Analysis and Findings

 

Legislative Framework

[16]       The migratory birds convention is an agreement between Canada and the United States which recognizes the necessity for international corporation to protect migratory birds from the many threats they face during annual migration. The MBCA sets out Canada’s plan to ensure conservation of the migratory bird population by regulating potentially harmful human activities within the country. Among other tools, the Act authorizes the issue of its permits to regulate activities which affect migratory birds such as hunting, agriculture, scientific research, and taxidermy.

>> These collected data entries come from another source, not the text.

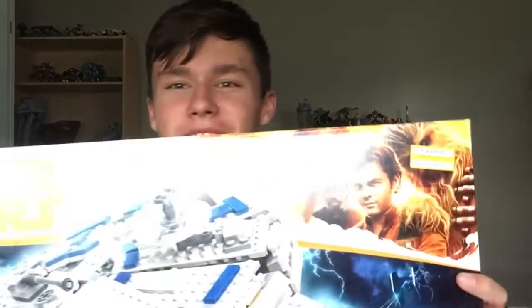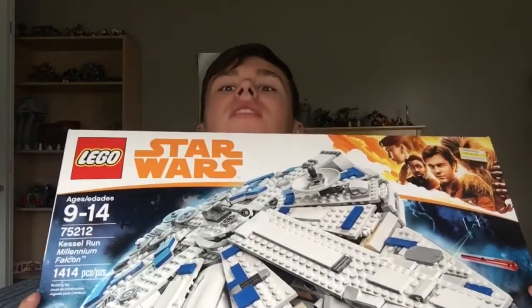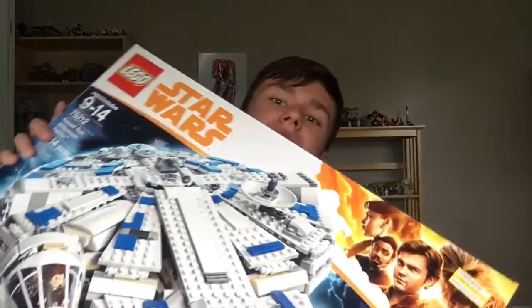Then I thought, what about the Kessel Run Falcon? So I went down to that aisle, looked around, and they had it. The clearance sticker was very small, but I checked it out — $80, more than half off. The Kessel Run Falcon! I did not expect to get this ginormous box. I mean, this is my head compared to the box — really big box. It's originally $170, you can see the sticker up here.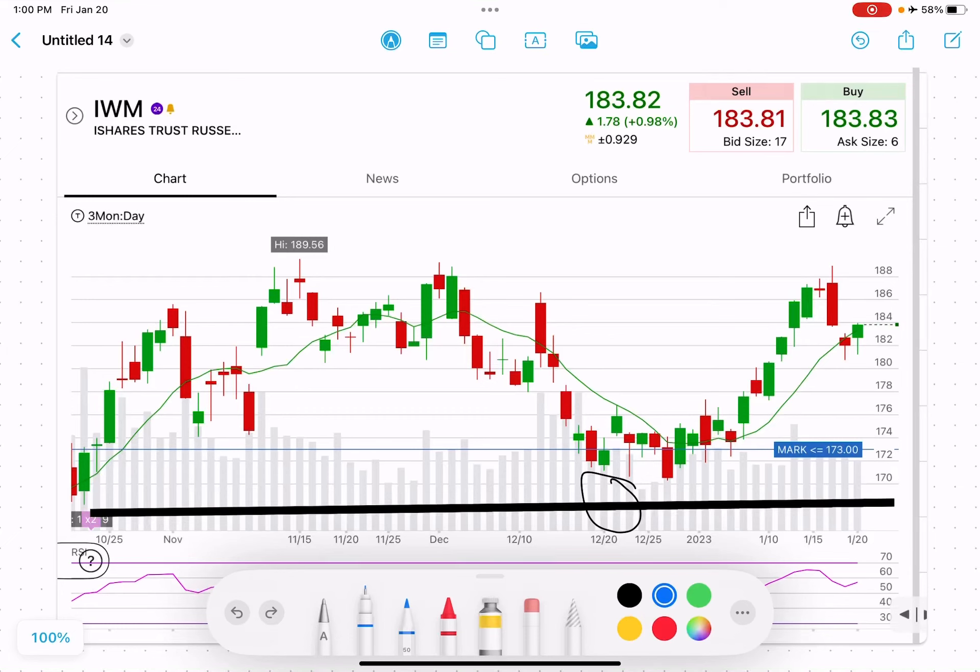We're going to look at the put credit spread for today on IWM, going out to February 17th strike. $167 is the black line, see down here. We're going to sell the $167 put and buy the $162 put.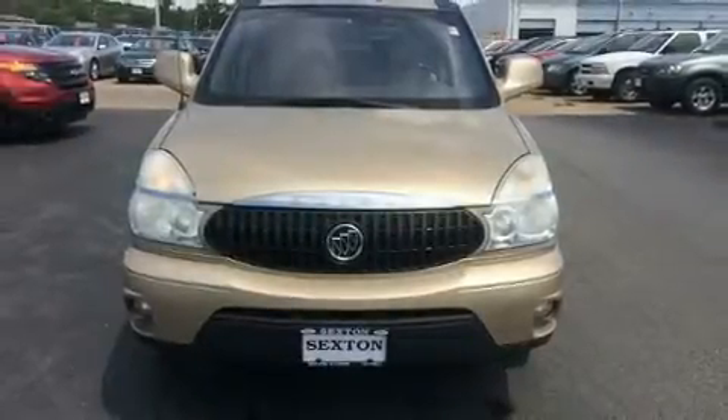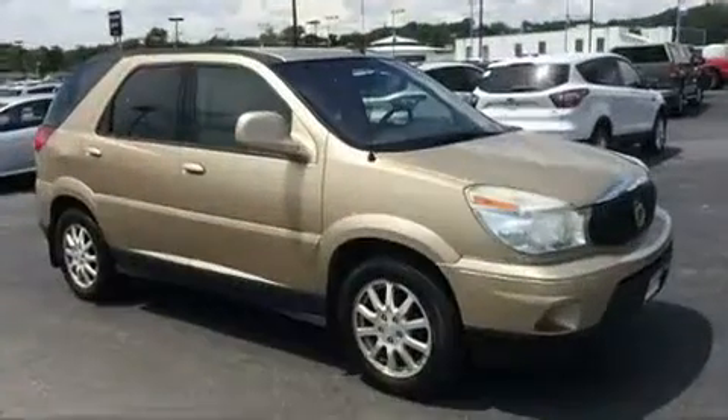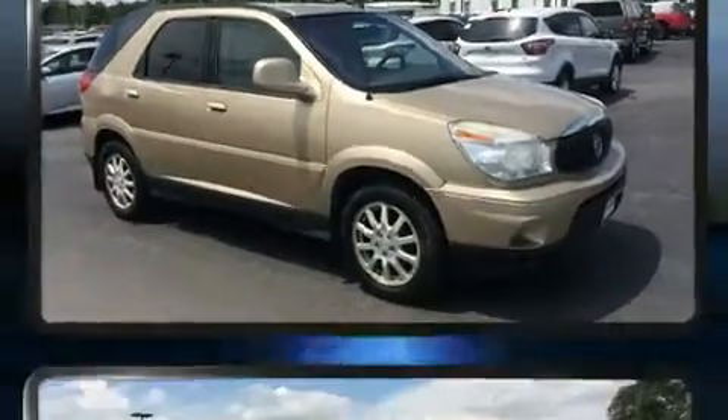Step into the 2006 Buick Rendezvous. It features a front-wheel drive platform, an automatic transmission, and a 3.5-liter six-cylinder engine.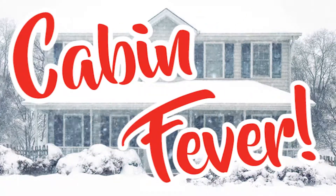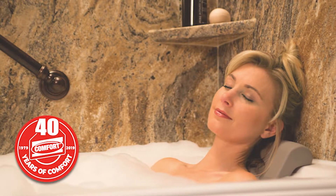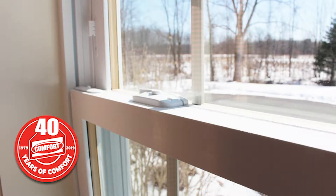Have you got a case of cabin fever? Don't worry, they've got the prescription — it's more comfort. Imagine getting cozy with a soak in your brand new bathtub. Say goodbye to your old drafty windows and say hello to a new view through Comfort's Quad Shield glass. Keep the heat in, keep the cold out.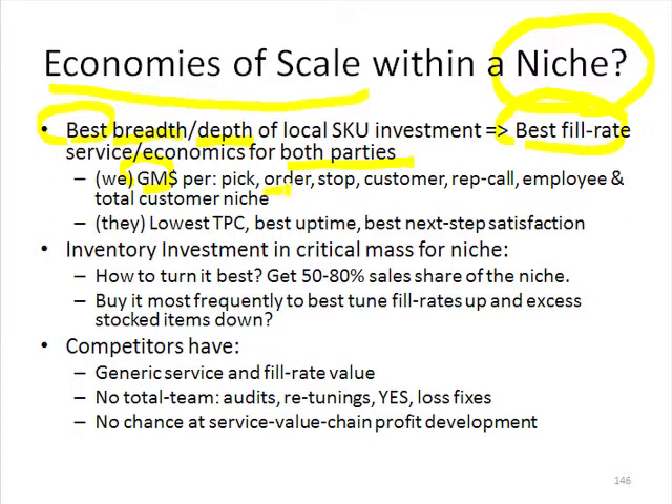If you add up the lines, if one of our lines is beefier because we had all 10 that they want instead of eight and back-ordered two, then we're going to have more gross margin dollar for the paperwork costs involved in a transaction.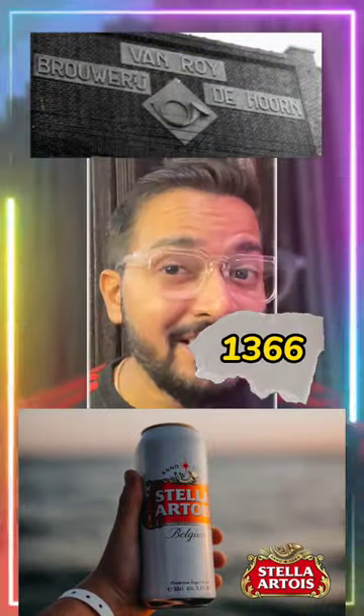What do you know? The world's best logo was made in 1366 and it was also a Belgian drink of Stella Artois. No! I don't know!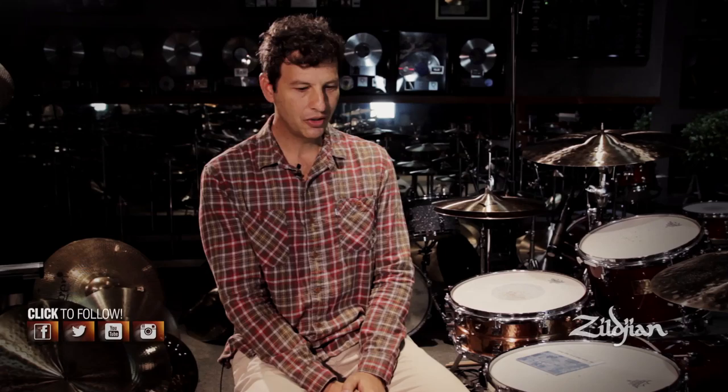Currently in my setup, I'm using a 22 medium thin low K Zildjian Constantinople. I have a 19 K thin crash to my right. I use the Zildjian New Beat hi-hats, a bunch of different crashes — it just depends on the sound and the vibes. Sometimes I use the crash of doom; it just depends. I'm lucky enough to be here today and to be in the drum room and just hang out with the Zildjian family.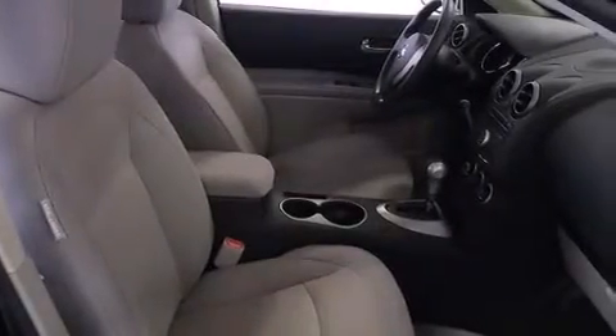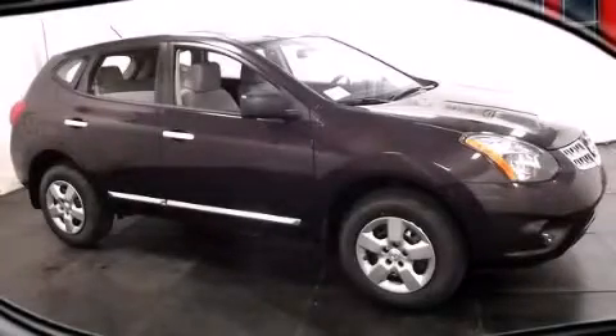A chrome grille, tinted glass, and an auxiliary power outlet. We invite you to contact us today to learn more about this vehicle.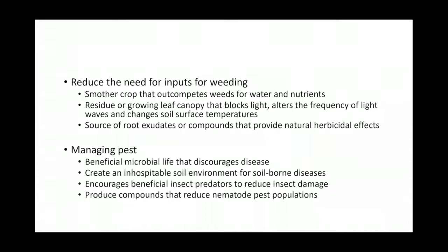When we talk about managing pests, cover crops can attract beneficial microbes to the soil that discourage diseases and create inhospitable environments for soil-borne diseases. They can also encourage beneficial insects, all of which are good soil health indicators.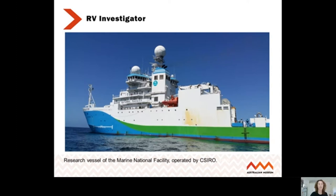The RV Investigator is a research vessel operated by CSIRO. It's about 94 meters in length, was launched in 2014, and is quite costly to run — around $140,000 per day at sea. Obviously, if it's this expensive, the samples and data we get from the voyage are really valuable. We're very lucky at the Australian Museum to have received quite a few of those deep sea samples. The first video I'm going to show is about three minutes long and covers the cameras used on board the RV Investigator to visualize marine life.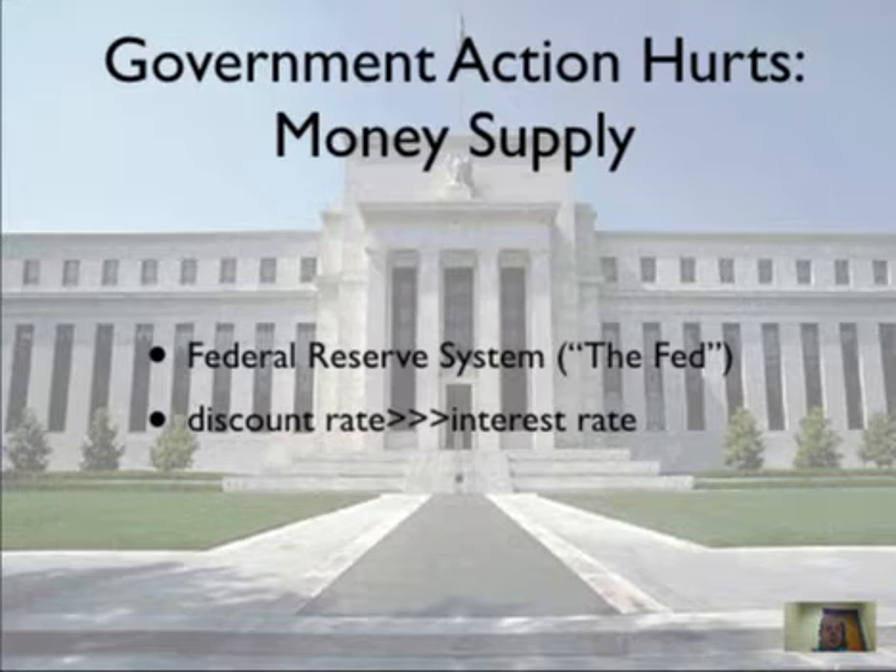So, what can the government do? A lot of people look to the Federal Reserve System, sometimes called the Fed. One of the things the Fed does is manage the money supply. The Federal Reserve is in charge of making sure there is enough money to go around — enough for businesses to grow and thrive — but also not so much money that we have inflation. It can change the amount of money in circulation in many different ways.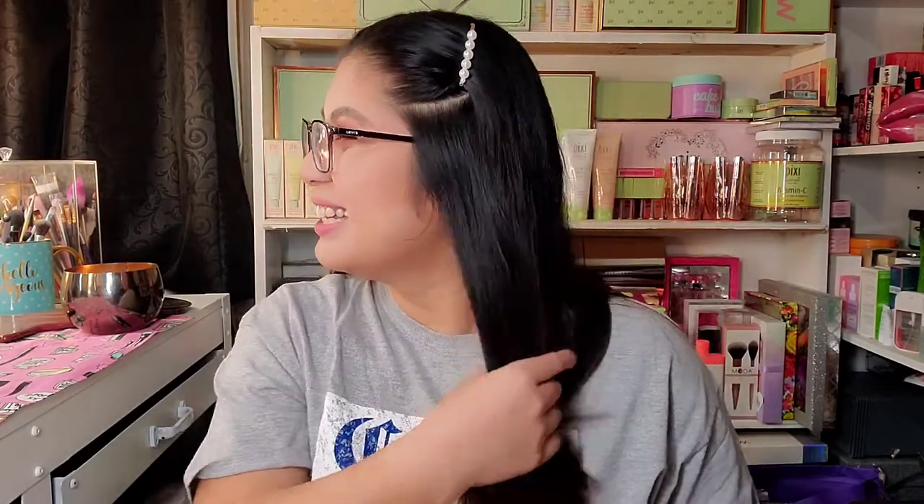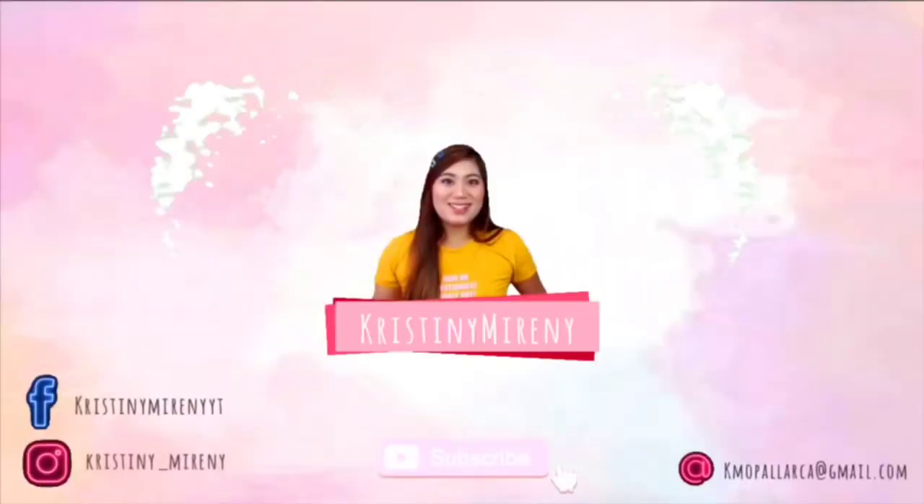I'm not gonna make this intro long, so without further ado, let's proceed to... Unboxing!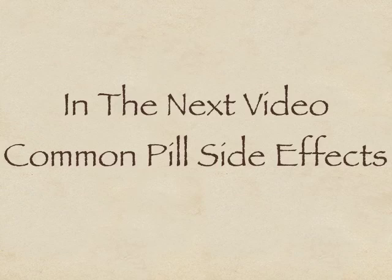In the next video, we're going to discuss what are the common side effects of the pill.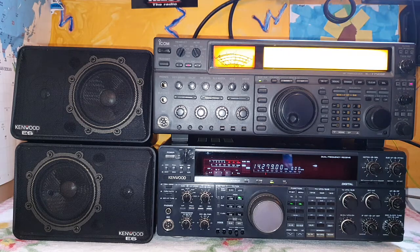Another station heard is 2E0UPN — 2 Echo 0 United Papa November — giving a 59 with serial number 20. Have a wonderful afternoon, 73. Bye-bye. Also heard is YU5R — Yankee United 5 Radio — calling CQ Secure Contest repeatedly.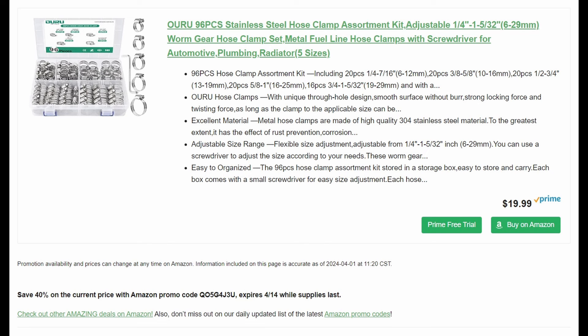96-piece stainless steel hose clamp assortment kit — worm gear hose clamps by OyuRu, 40% off. That's a lot of clamps. As with everything, you're going to get a lot of the little baby clamps and only a few of the big ones — that's how life works. It's $19.99, take $8 off, you pay $12 for 96 stainless steel clamps. If you have old vehicles, you've seen rusted clamps. Stainless steel means that's less likely to happen.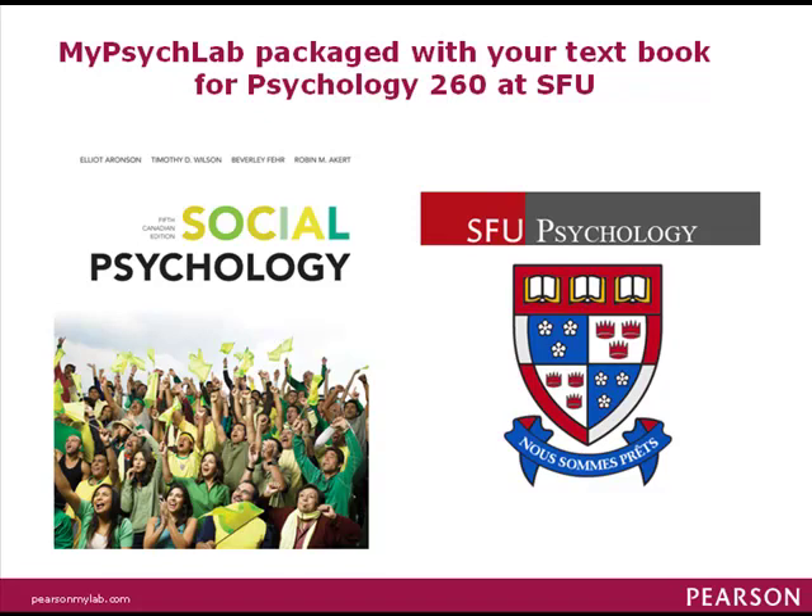You might be wondering, what's this MyLab card packaged with the social psych textbooks in the SFU Bookstore?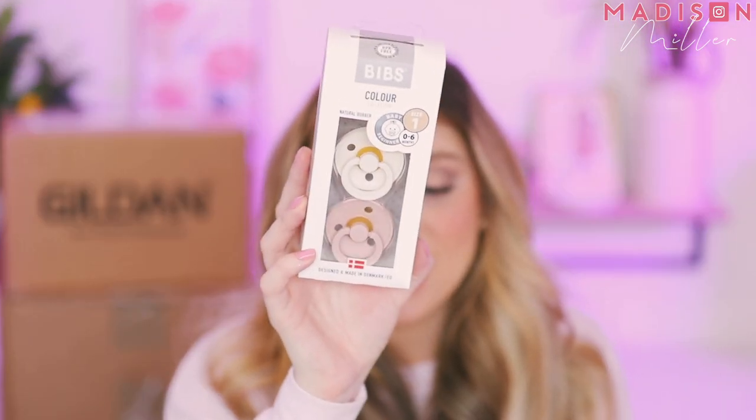Next up is something I ordered — I've been getting really sucked into all the cute pacifiers. These are from Bibs. They're size one, zero to six months for beginners — a round pacifier made of 100% natural rubber, BPA free, available in three different sizes, with a night version available too. I got the two-pack in blush and cream — I thought they were so cute. I'll wash and sterilize them and we'll see if she takes them. With Riley, all she took was the Avent, so maybe this one won't be as picky. We'll find out!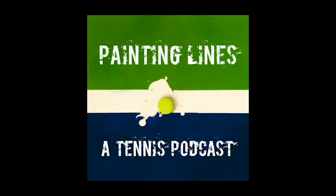Welcome to the Painting Lines podcast, your one-stop shop for all things tennis. Join Eric and Aidan in their discussion for updates on news and pop culture, and from hot takes to betting, they've got you covered. Ready? Let's go.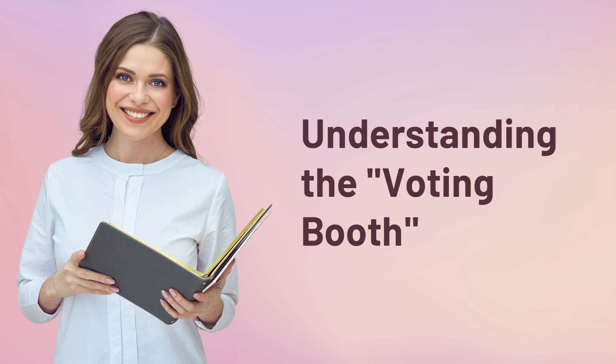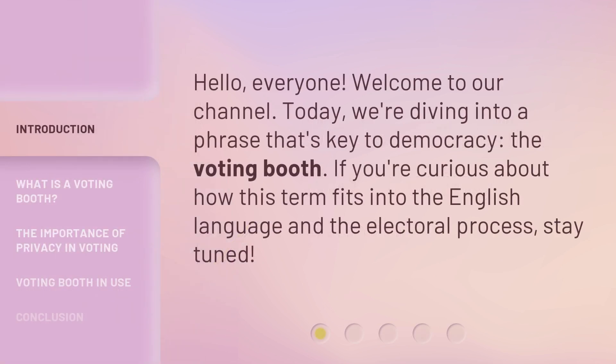Hello, everyone, welcome to our channel. Today, we're diving into a phrase that's key to democracy: the voting booth. If you're curious about how this term fits into the English language and the electoral process, stay tuned.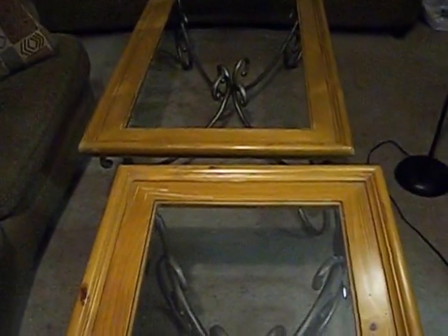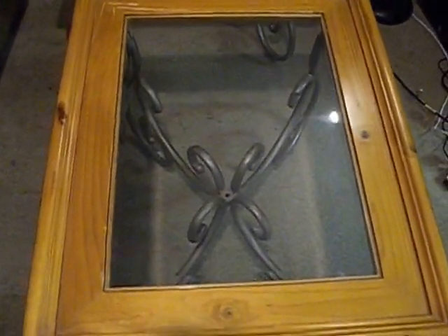Well hello again. Here we are with the two tables that we have for sale that are on Craigslist. Here we have the smaller coffee table and it does have the glass here. You can hear and see.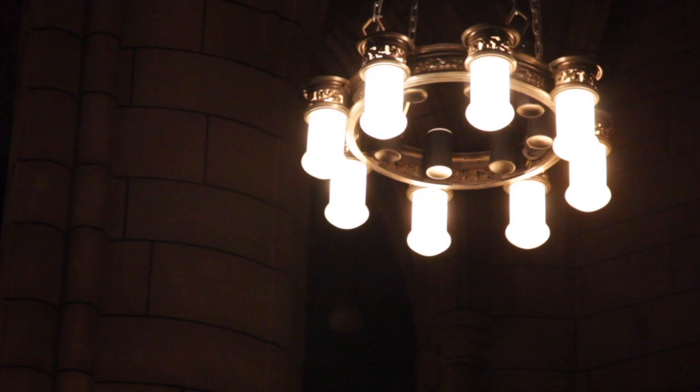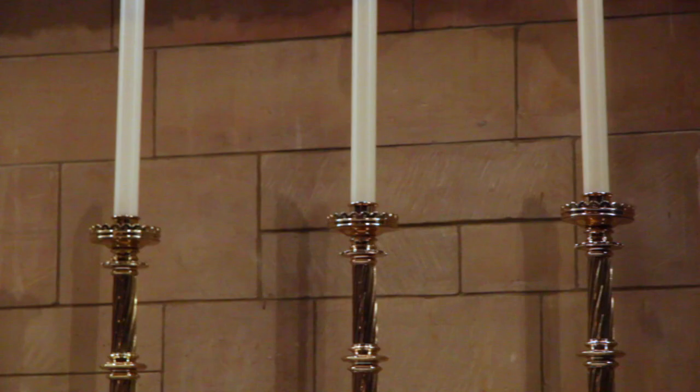My dedication recital will be the first in a series we're calling the Grand Organ Series to celebrate this new organ. Before Christmas I will play my second concert, which is Messiaen's La Nativité du Seigneur. Messiaen spent his entire career as organist at La Trinité in Paris, and this is a sequence of nine pieces which each take a sentence of scripture from the Christmas story.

[17]       Possession of a migratory bird is broadly prohibited, as set out in the s. 5 of the MBCA below:

Prohibition

 

5 Except as authorized by the regulations, no person shall, without lawful excuse,

 

(a) be in possession of a migratory bird or nest; or

 

(b) buy, sell, exchange, or give a migratory or nest or make it the subject of a commercial transaction.

Interdiction relative aux oiseaux migrateurs et à leurs nids

 

5 Sauf conformément aux règlements, nul ne peut, sans excuse valable :

 

(a) avoir en sa possession un oiseau migrateur ou son nid;

 

(b) acheter, vendre, échanger ou donner un oiseau migrateur ou son nid, ou en faire le commerce.

[18]       Contravention of s.5 is an offence according to s.13(1)(a) of the MBCA with potential penalties described in s.13(2). Additionally, a violation of the MBCA is subject to the procedure in EVAMPA, which provides that administrative monetary penalties may be imposed and calculated in accordance with the formulas set out in the EVAMP Regulations.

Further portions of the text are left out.